Gibson said work was still going on at the Canterbury Television building, but "the signs don't look good."

Many sections of the city lay in ruins, and police announced a nighttime curfew in a cordoned-off area of downtown to keep people away from dangerous buildings and to prevent crime. Six people had been arrested since the quake for burglary and theft, police said.

One of the city's tallest buildings, the 27-floor Hotel Grand Chancellor, was showing signs of buckling and could collapse, officials warned Wednesday. Authorities emptied the building and evacuated a two-block radius. It remained standing on Thursday.

JP Morgan analyst Michael Huttner conservatively estimated the insurance losses at $12 billion. That would be the most from a natural disaster since Hurricane Ike hit Texas and Louisiana in 2008, costing insurers $19 billion, according to the Insurance Information Institute.

Key said the New Zealand economy could withstand the impact of the quake, the second to strike Christchurch since September.

"Christchurch's economic activity will be much less for a while," he said. "The government will be doing everything it can to economically get Christchurch back on its feet."

Tuesday's quake was less powerful than the 7.1 temblor that struck before dawn on September 4 that damaged buildings but killed no one. Experts said Tuesday's quake was deadlier because it was closer to the city and because more people were about.

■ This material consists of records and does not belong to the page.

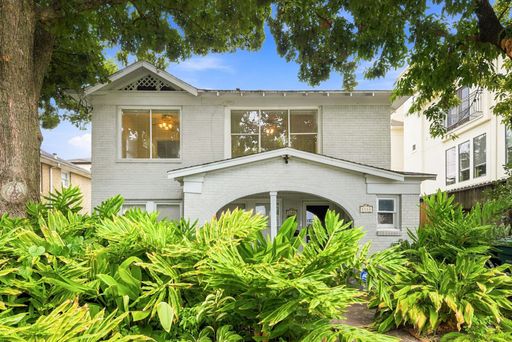 Charming First-Floor Duplex – Prime Houston Location! – photo 1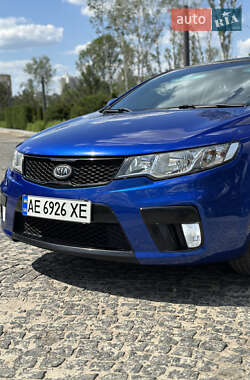 Купе Kia Cerato 2012 в 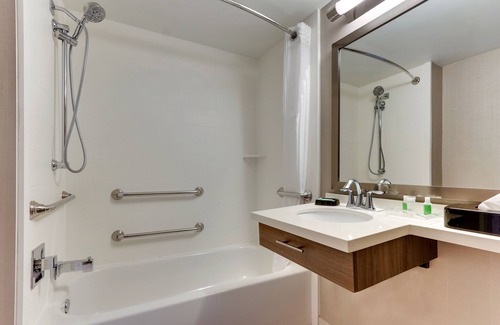 Brentwood Hotel | Holiday Inn Franklin - Cool Springs by IHG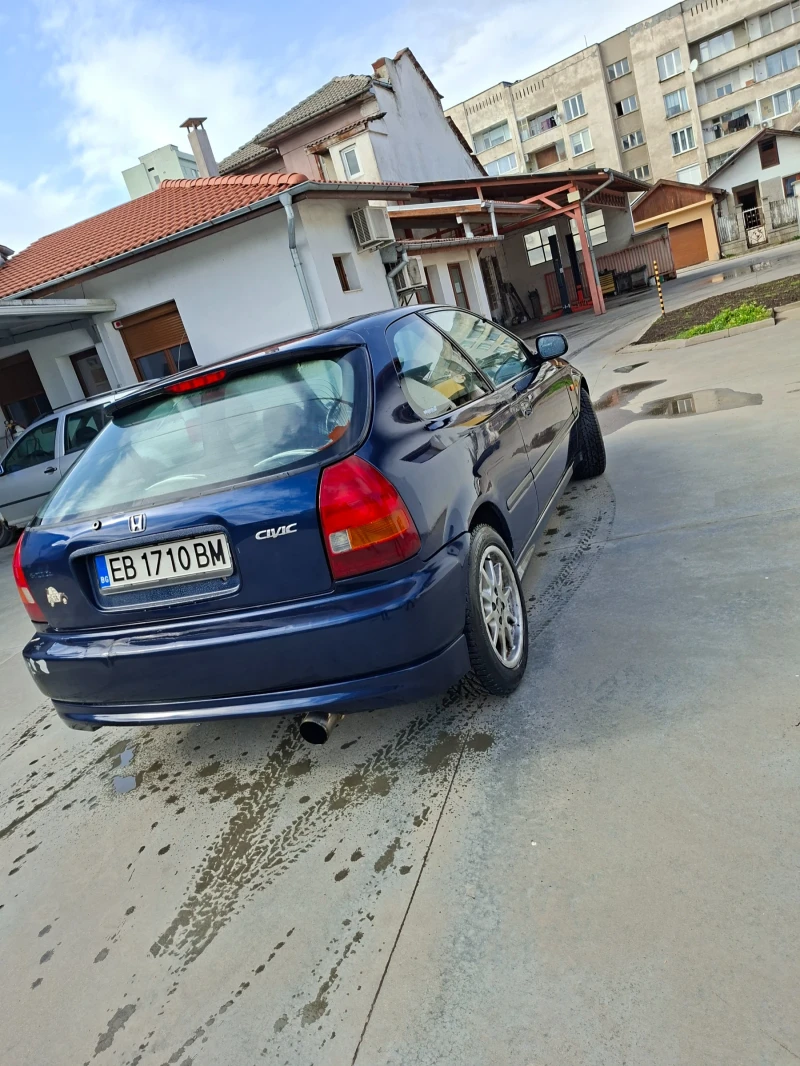 Honda Civic 1.5 V-TEC , снимка 3 - Автомобили и джипове - 53495157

Christchurch's airport reopened Wednesday, and military planes were brought in to fly tourists to other cities.

Officials told people to avoid showering or even flushing toilets, saying the damaged sewer system was at risk of failing. School classes in the city were suspended, and residents advised to stay home.

Tanker trucks were stationed at 14 spots throughout the city where residents could come to fill buckets and bottles, civil defense officials said, and people asked to catch and save rainwater.